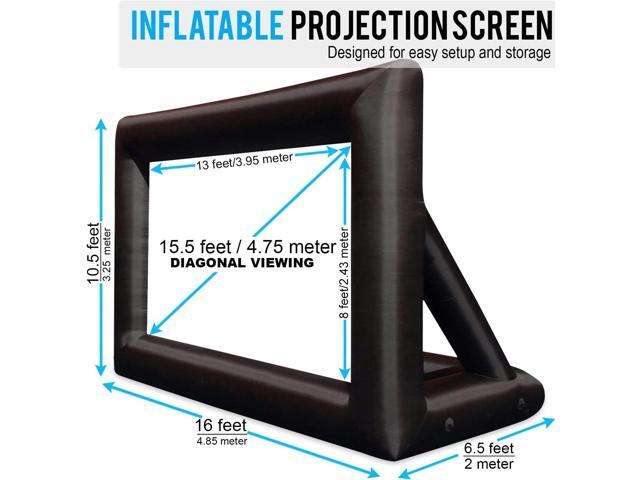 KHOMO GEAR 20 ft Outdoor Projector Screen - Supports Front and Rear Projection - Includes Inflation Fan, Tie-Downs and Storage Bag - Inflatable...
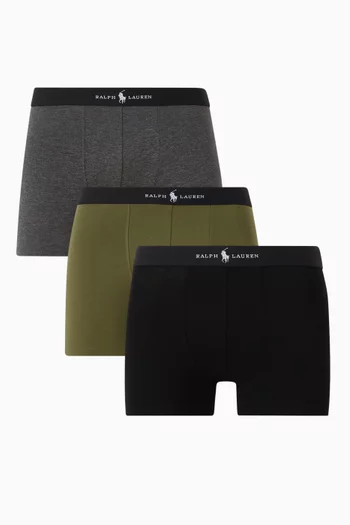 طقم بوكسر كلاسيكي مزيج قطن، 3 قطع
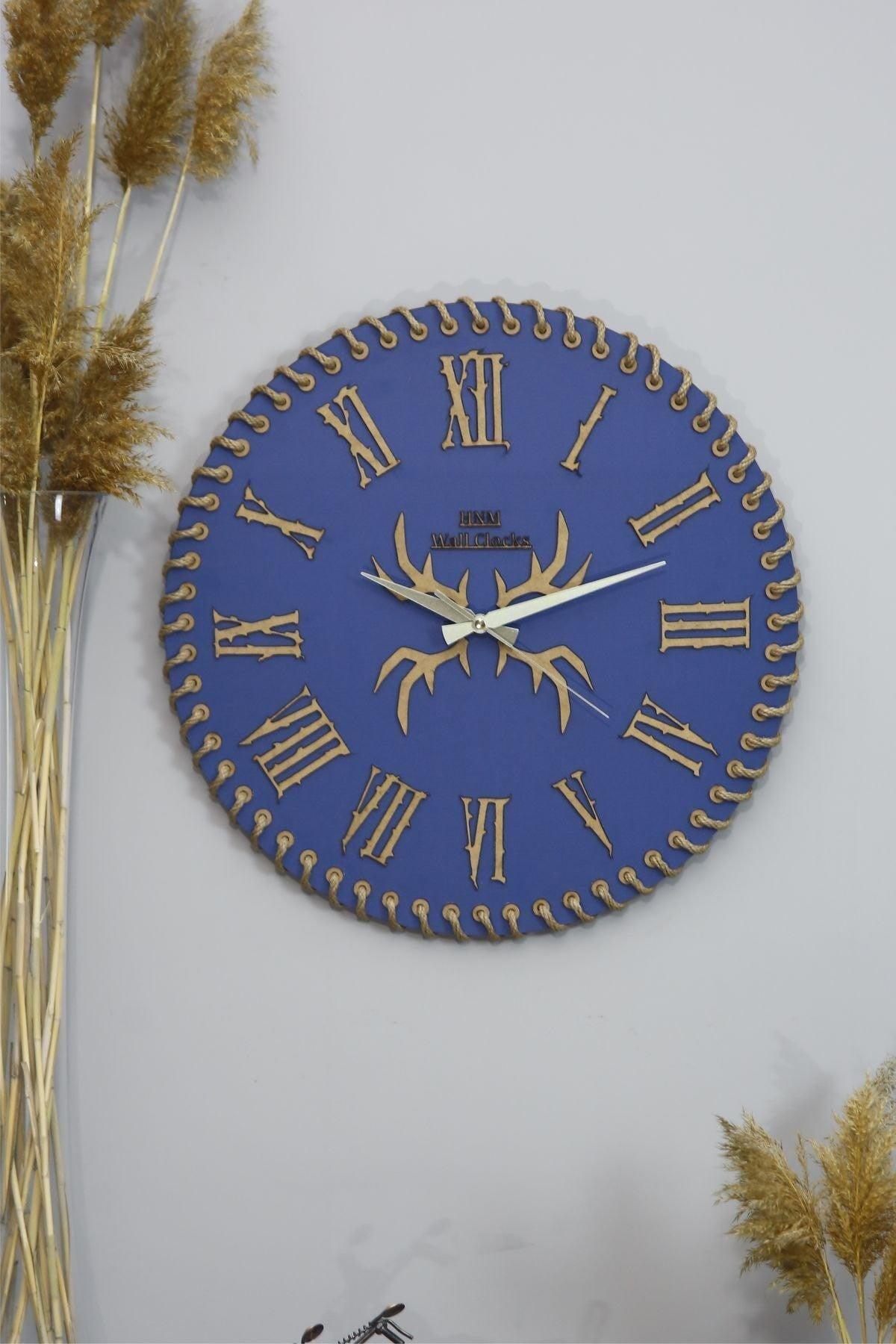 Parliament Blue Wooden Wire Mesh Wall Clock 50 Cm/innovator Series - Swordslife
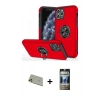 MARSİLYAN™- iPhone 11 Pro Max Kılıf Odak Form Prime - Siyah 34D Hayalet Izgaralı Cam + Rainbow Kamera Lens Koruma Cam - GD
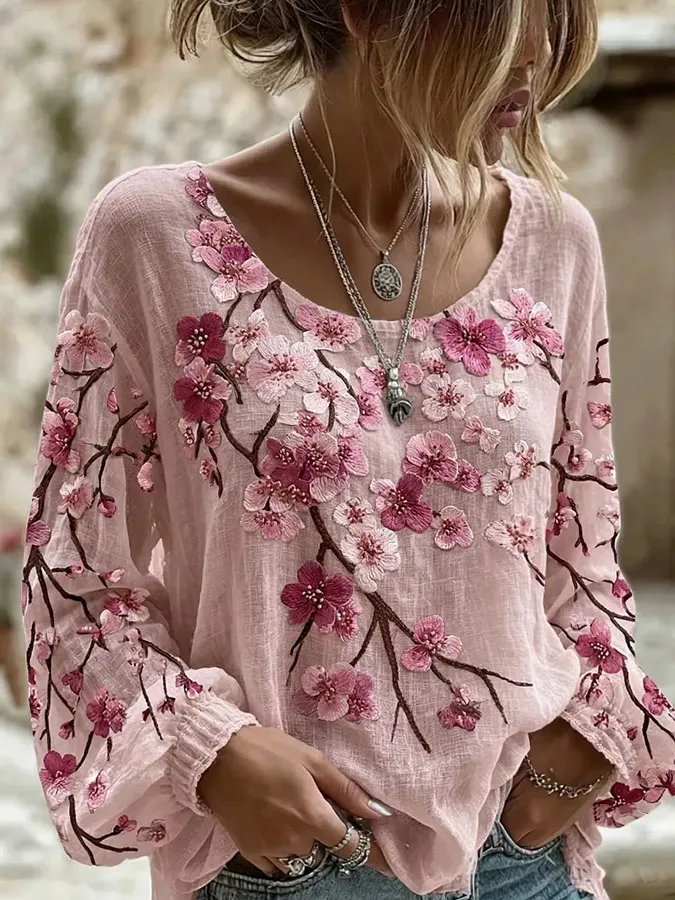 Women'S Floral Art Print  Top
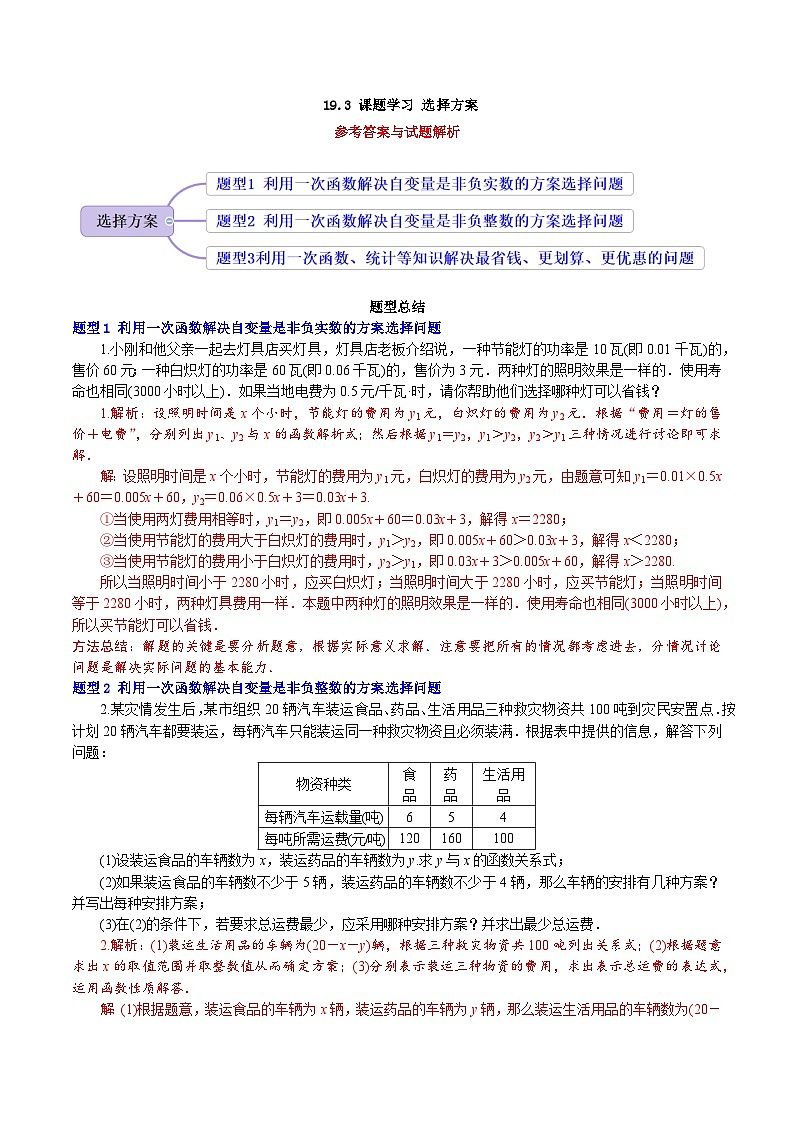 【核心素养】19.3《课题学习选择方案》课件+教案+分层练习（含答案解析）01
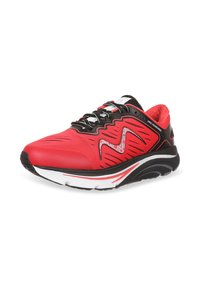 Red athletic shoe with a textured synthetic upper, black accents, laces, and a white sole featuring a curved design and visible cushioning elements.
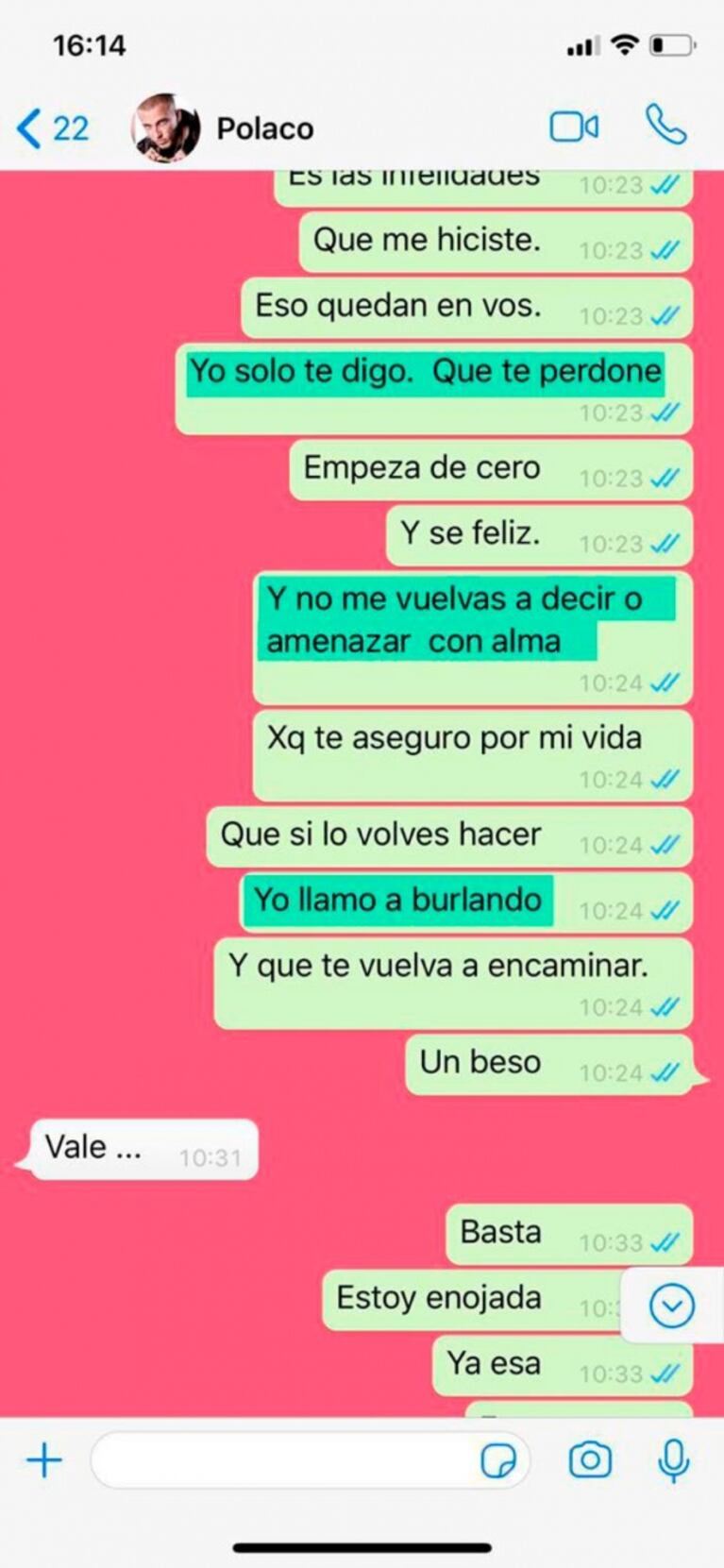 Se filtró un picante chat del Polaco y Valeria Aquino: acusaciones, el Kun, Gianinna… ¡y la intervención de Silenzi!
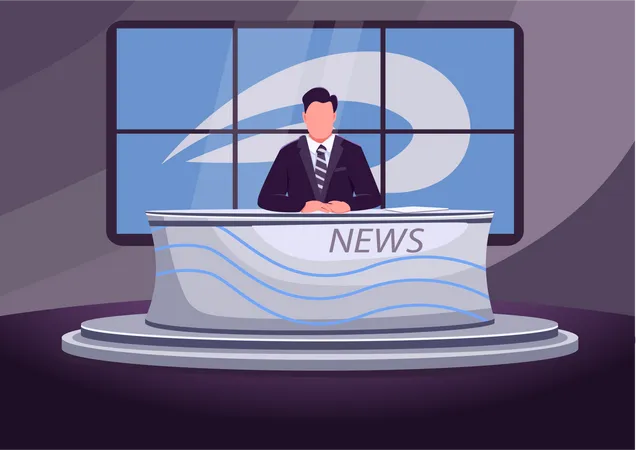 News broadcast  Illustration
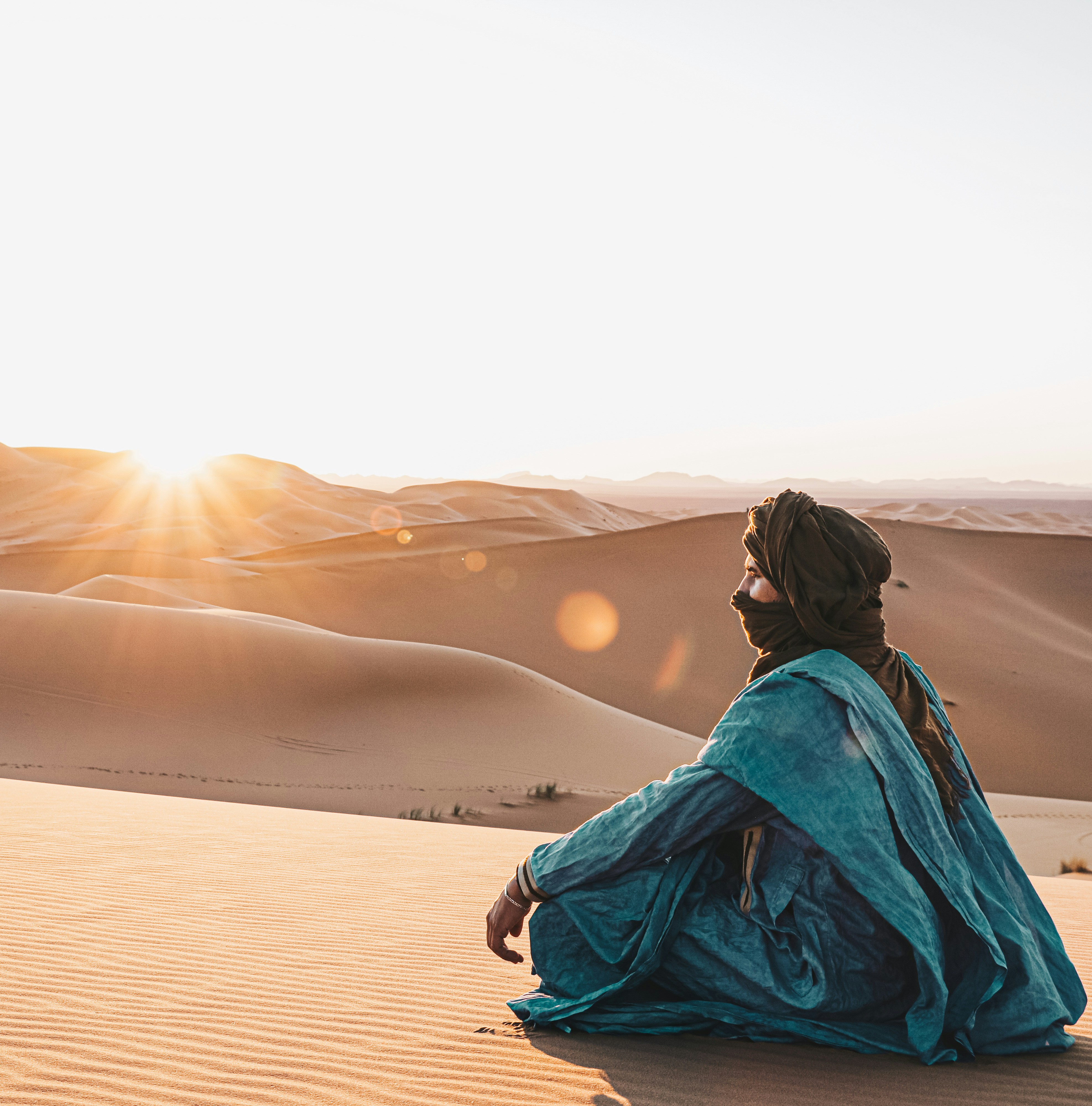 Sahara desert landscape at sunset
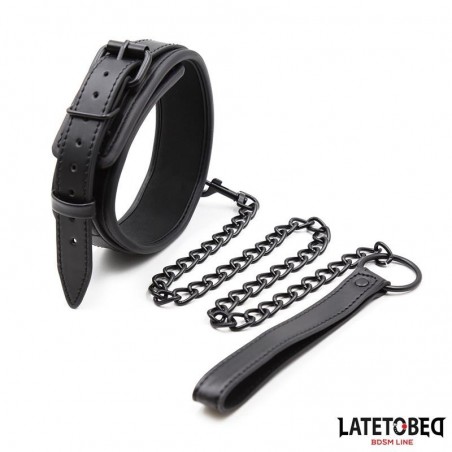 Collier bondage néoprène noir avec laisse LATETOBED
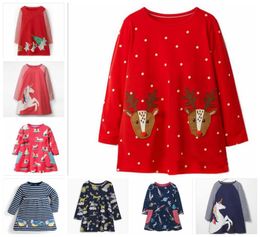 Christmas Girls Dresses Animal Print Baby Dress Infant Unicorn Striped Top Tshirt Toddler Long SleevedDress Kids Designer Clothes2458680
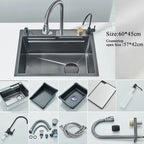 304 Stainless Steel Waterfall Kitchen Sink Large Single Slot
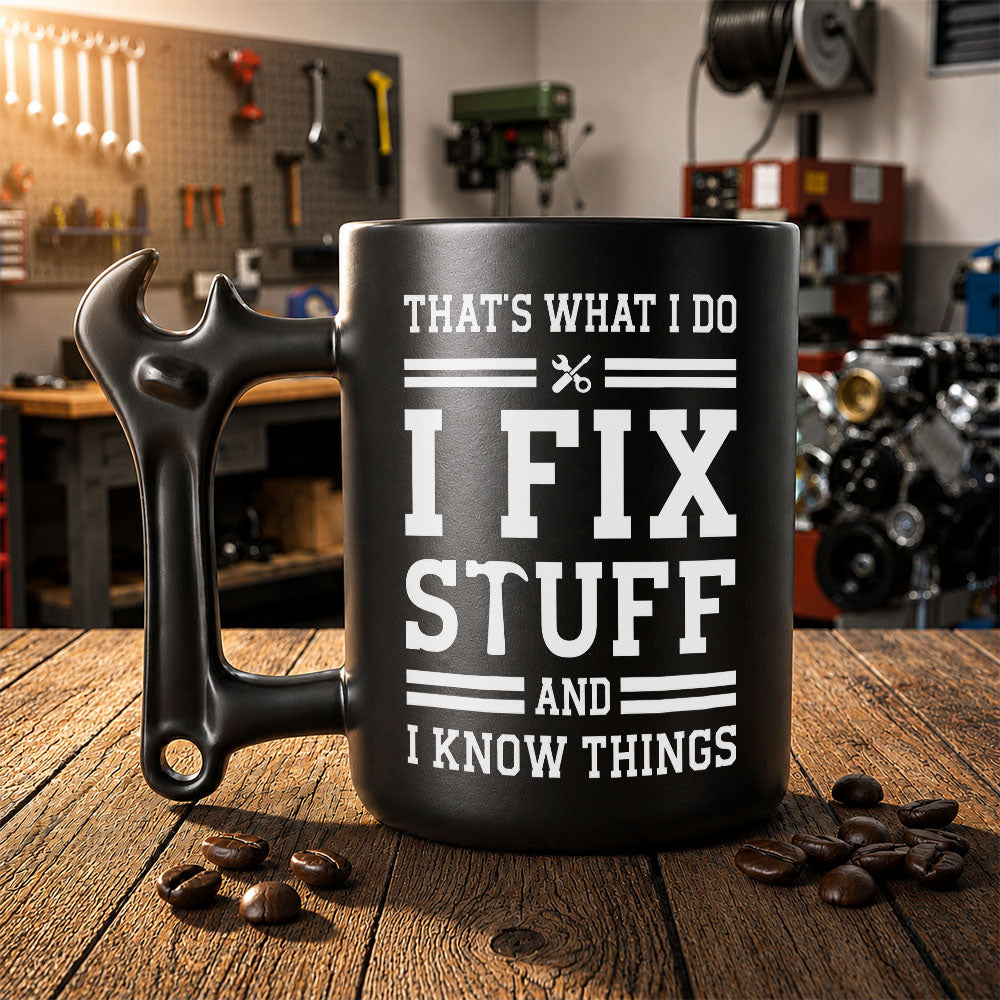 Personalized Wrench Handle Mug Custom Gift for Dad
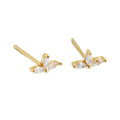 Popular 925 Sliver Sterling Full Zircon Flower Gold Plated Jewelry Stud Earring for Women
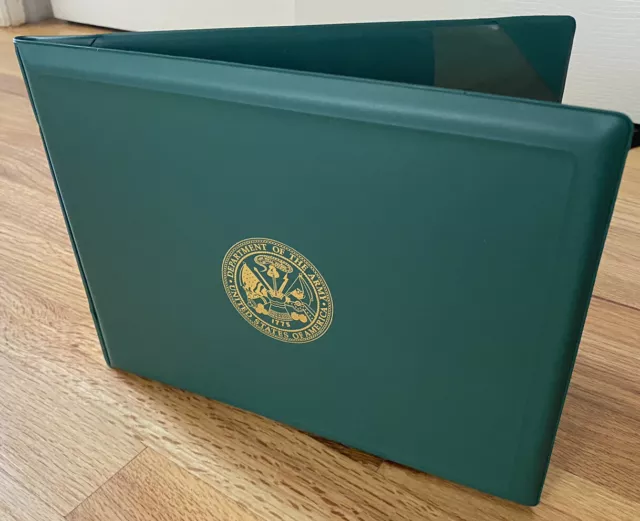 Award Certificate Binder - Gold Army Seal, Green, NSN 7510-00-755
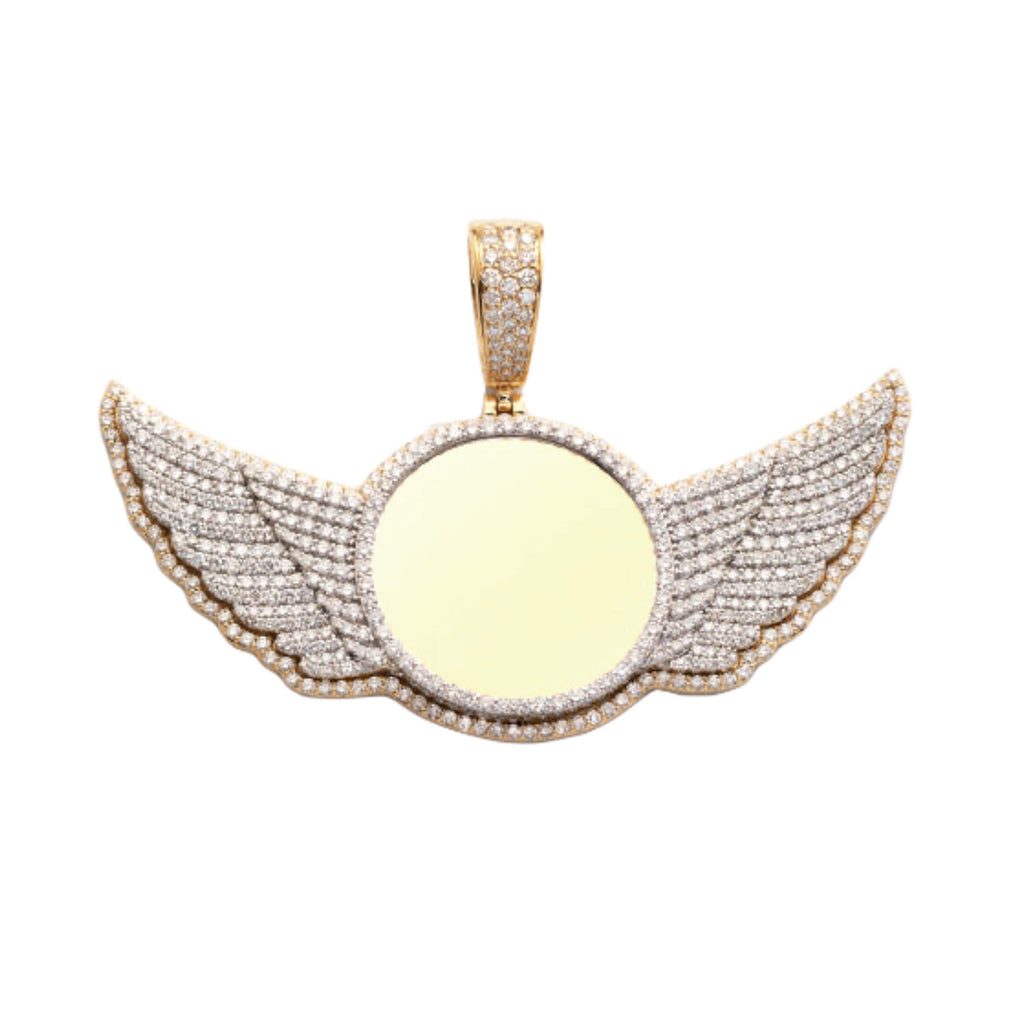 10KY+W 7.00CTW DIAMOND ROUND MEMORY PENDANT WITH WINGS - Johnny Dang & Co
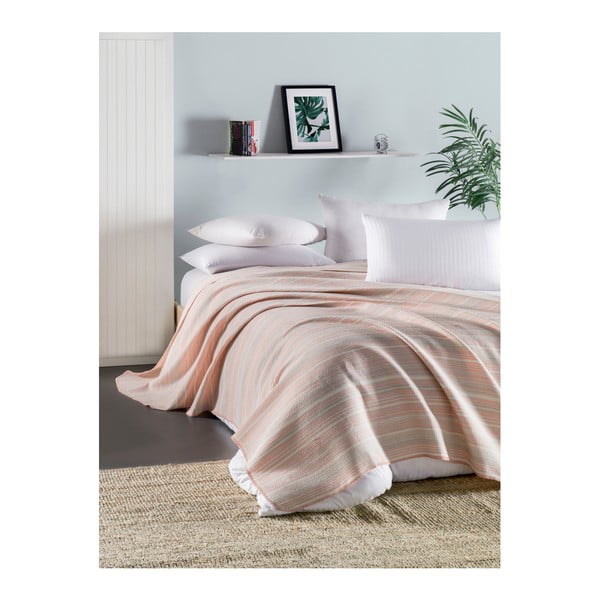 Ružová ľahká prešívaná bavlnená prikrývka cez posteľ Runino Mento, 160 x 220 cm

════════

> **Work item**: Reproduce the entries above exactly, without images.

> **Completed task**:
 KHOMO GEAR 20 ft Outdoor Projector Screen - Supports Front and Rear Projection - Includes Inflation Fan, Tie-Downs and Storage Bag - Inflatable...
 طقم بوكسر كلاسيكي مزيج قطن، 3 قطع
 Parliament Blue Wooden Wire Mesh Wall Clock 50 Cm/innovator Series - Swordslife
 MARSİLYAN™- iPhone 11 Pro Max Kılıf Odak Form Prime - Siyah 34D Hayalet Izgaralı Cam + Rainbow Kamera Lens Koruma Cam - GD
 Women'S Floral Art Print  Top
 【核心素养】19.3《课题学习选择方案》课件+教案+分层练习（含答案解析）01
 Red athletic shoe with a textured synthetic upper, black accents, laces, and a white sole featuring a curved design and visible cushioning elements.
 Se filtró un picante chat del Polaco y Valeria Aquino: acusaciones, el Kun, Gianinna… ¡y la intervención de Silenzi!
 News broadcast  Illustration
 Sahara desert landscape at sunset
 Collier bondage néoprène noir avec laisse LATETOBED
 Christmas Girls Dresses Animal Print Baby Dress Infant Unicorn Striped Top Tshirt Toddler Long SleevedDress Kids Designer Clothes2458680
 304 Stainless Steel Waterfall Kitchen Sink Large Single Slot
 Personalized Wrench Handle Mug Custom Gift for Dad
 Popular 925 Sliver Sterling Full Zircon Flower Gold Plated Jewelry Stud Earring for Women
 Award Certificate Binder - Gold Army Seal, Green, NSN 7510-00-755
 10KY+W 7.00CTW DIAMOND ROUND MEMORY PENDANT WITH WINGS - Johnny Dang & Co
 Ružová ľahká prešívaná bavlnená prikrývka cez posteľ Runino Mento, 160 x 220 cm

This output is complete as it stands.